Когда в августе 1991 г. я вернулся из Франции, выяснилось, что мой заместитель Горьков выехал на постоянную работу в США в Национальную магнитную лабораторию, организованную Бобом Шриффером. Таким образом, последний из моих мушкетеров, с которыми я начинал Институт Ландау, покинул поле боя. Это был окончательный сигнал о том, что Институт Ландау в прежнем виде спасти не удастся.
С Львом Горьковым нас связывало многолетнее сотрудничество. Они вместе с Робертом Архиповым в некотором смысле внезапно появились в Институте физических проблем в 1952 г. в качестве студентов-дипломников. Они оба сдали экзамены теоретического минимума, но их базовым был Институт атомной энергии. Однажды Ландау привел этих двух студентов, прибывших из Курчатовского института, и попросил меня пристроить их к какой-либо из специальных тем, которыми мы в те годы занимались. В 1953 г. Лев Горьков и Роберт Архипов стали аспирантами Ландау. Занимаясь специальной темой, они проявляли также интерес и к другим физическим проблемам. Мое взаимодействие с ними убедило меня уже тогда, что мы имеем дело с двумя очень талантливыми людьми. Когда в конце 1953 г., через несколько месяцев после смерти Сталина, Ландау решил больше не возвращаться к «специальным проблемам по заданию правительства», то после слов: «Его больше нет (он имел в виду Сталина), я его не боюсь и больше этим заниматься не буду», добавил: «А этих двух аспирантов забирайте себе».
Таким образом я стал руководителем двух аспирантов — Горькова и Архипова. Ландау явно их в то время недооценил. Оба успешно подготовили у меня кандидатские диссертации. Горьков — по квантовой электродинамике частиц со спином О и 1, а Архипов — по теории сверхтекучести жидкого гелия. В дальнейшем по моей рекомендации Архипов перешел в Институт высоких давлений кЛ.Ф. Верещагину, где в течение многих лет возглавлял теоретический отдел. Горьков оставался в Институте физических проблем, но Ландау смог оценить его талант лишь в 1958 г., когда Горькову удалось переформулировать теорию сверхпроводимости в координатном пространстве и вывести уравнения Шредингера для двух гриновских функций, описывающих сверхпроводник.

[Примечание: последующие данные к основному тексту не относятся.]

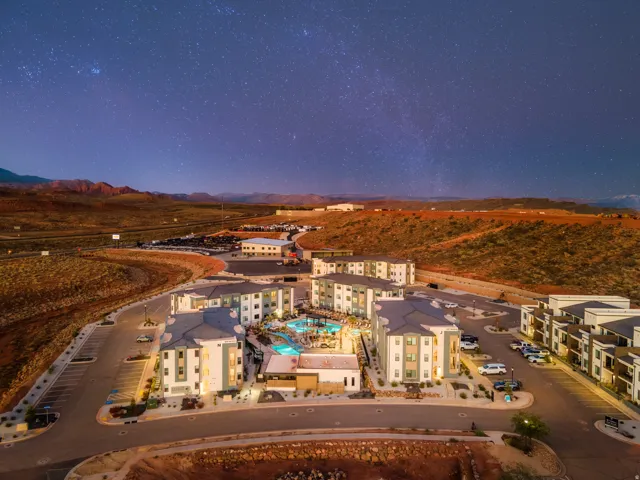 Modern multi-story buildings featuring a central swimming pool with integrated lighting, surrounding paved patios, and dedicated parking areas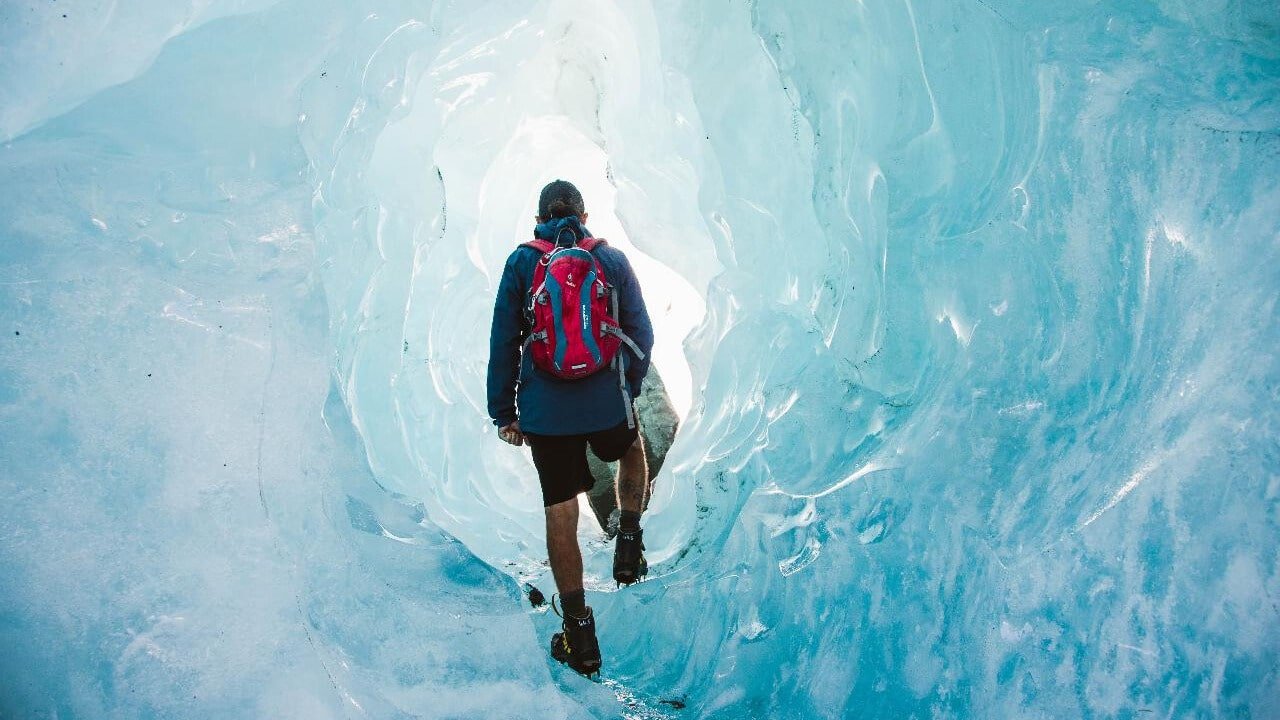 Person tramping through striking blue ice caves on a Mount Cook scenic tour from Queenstown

Ландау относился к Горькову с симпатией, хотя и шутил, что побаивается его. Это, по-видимому, объяснялось строгим видом Горькова, который ему придавало пенсне. Я горжусь тем, что оценил талант Горькова раньше, чем это сделал Ландау.
Окно в Европу и целый мир
Американский журнал «The Scientist» в 1990 г. опубликовал таблицу десяти лучших научно-исследовательских учреждений Советского Союза. В это время уже началась так называемая «утечка мозгов», и а связи с этим американцы усилили внимание к уровню науки в Советском Союзе. В эту таблицу вошли Московский университет, Объединенный институт ядерных исследований в Дубне, Физический институт им. П.Н. Лебедева АН, Физико-химический институт им. Л.Я. Карпова, Институт теоретической и экспериментальной физики, т.е. крупномасштабные учреждения. В этом списке лучших институтов оказался и Институт теоретической физики им. Л.Д. Ландау. Отбор производился по индексу цитирования, в рассмотрение включались институты, которые превзошли некий порог по числу публикаций. Так вот, среди десяти лучших институтов Советского Союза Институт теоретической физики, получивший в 1968 г., после смерти Ландау, его имя, был поставлен на первое место. Средний индекс цитирования — больше 16. Замечу, что институты, которые оказались на последних местах в десятке лучших, имели индекс около 4. Отрыв в 4 раза! Эта публикация создала дополнительную рекламу нашему институту.